Die Pumpe als Turbine – mit KSB Wasserkraft optimal ausnutzen

Die Pumpe als Turbine kann das volle Potenzial des Wassers ausnutzen. Sie sorgt für zusätzliche Energie, indem sie Druckdifferenz abbaut sowie Fallhöhen und Durchflussmengen ausnutzt.
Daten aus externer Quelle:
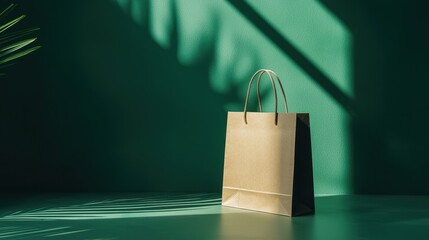 Poster - Simple Paper Bag on a Flat Surface with Shadows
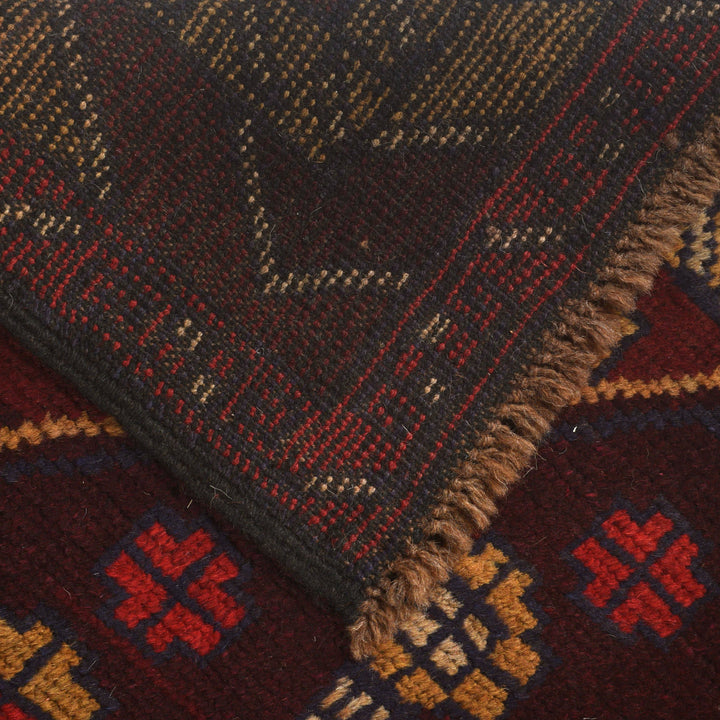 Afghan Baluchi Rug 3' 10" x 6' 4" Hand-Knotted pattern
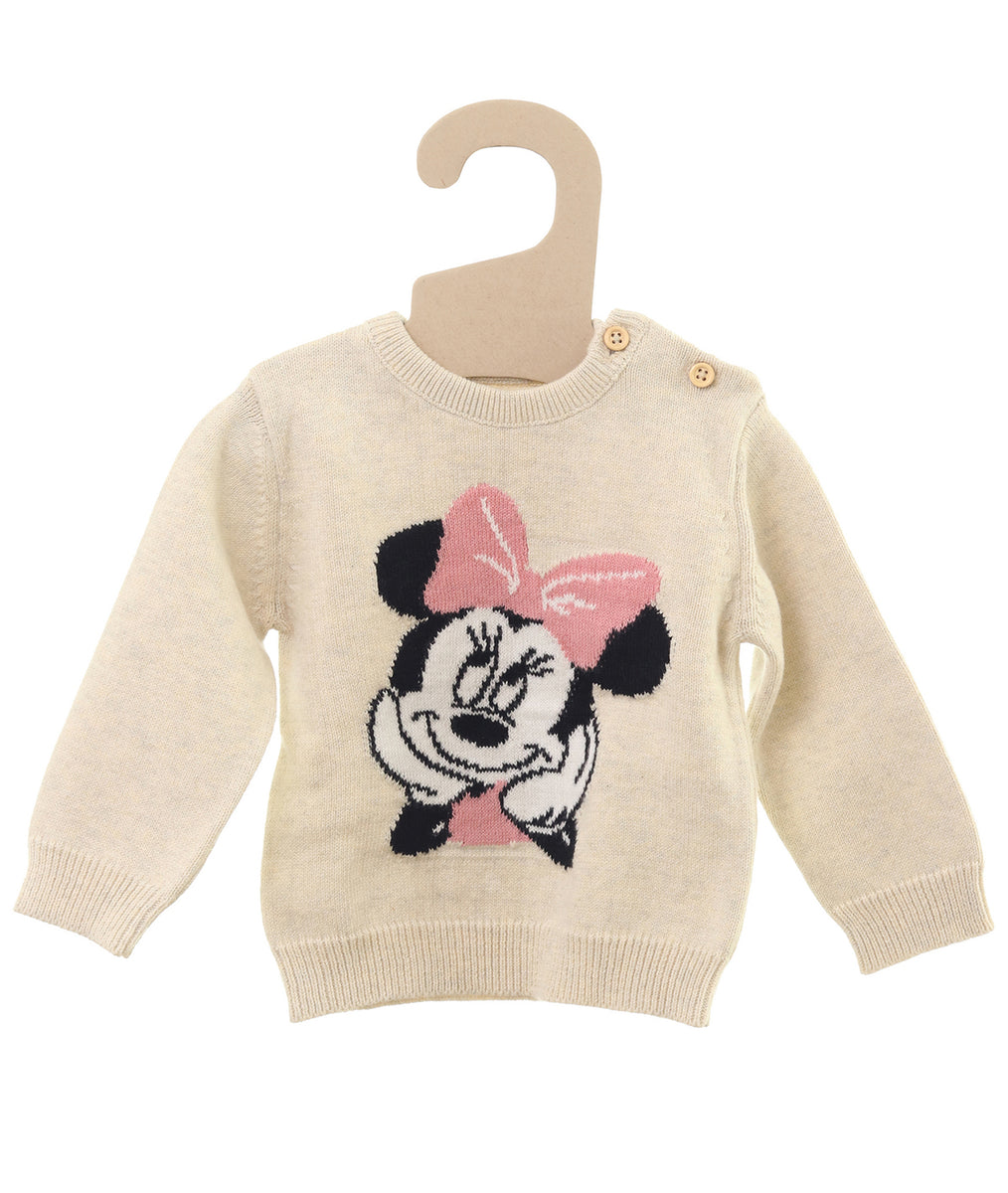 Minnie Mouse Jumper for Newborn Babies in Natural Melange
Pumpen als Turbinen Großansicht Vielfältige Einsatzgebiete der KSB-Pumpen als Turbine Das Prinzip der Pumpe als Turbine: Durchströmt Wasser eine Pumpe rückwärts, kehrt sich die Drehrichtung des Laufrads um, und aus den Pumpen werden Turbinen. Die dadurch gewonnene Energie aus Druckdifferenz, Fallhöhen und Durchflussmengen wirkt sich ideal auf den Eigenverbrauch aus und lässt sich ins Netz einspeisen.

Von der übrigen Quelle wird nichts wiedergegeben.